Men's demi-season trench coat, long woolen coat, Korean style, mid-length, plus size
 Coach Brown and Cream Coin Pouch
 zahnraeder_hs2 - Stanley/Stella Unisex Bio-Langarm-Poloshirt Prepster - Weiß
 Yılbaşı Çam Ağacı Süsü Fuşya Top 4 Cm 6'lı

::::::::

Instructions for the task: Could you please print the entire listing exactly?

Answer space:
Men's demi-season trench coat, long woolen coat, Korean style, mid-length, plus size
 Coach Brown and Cream Coin Pouch
 zahnraeder_hs2 - Stanley/Stella Unisex Bio-Langarm-Poloshirt Prepster - Weiß
 Yılbaşı Çam Ağacı Süsü Fuşya Top 4 Cm 6'lı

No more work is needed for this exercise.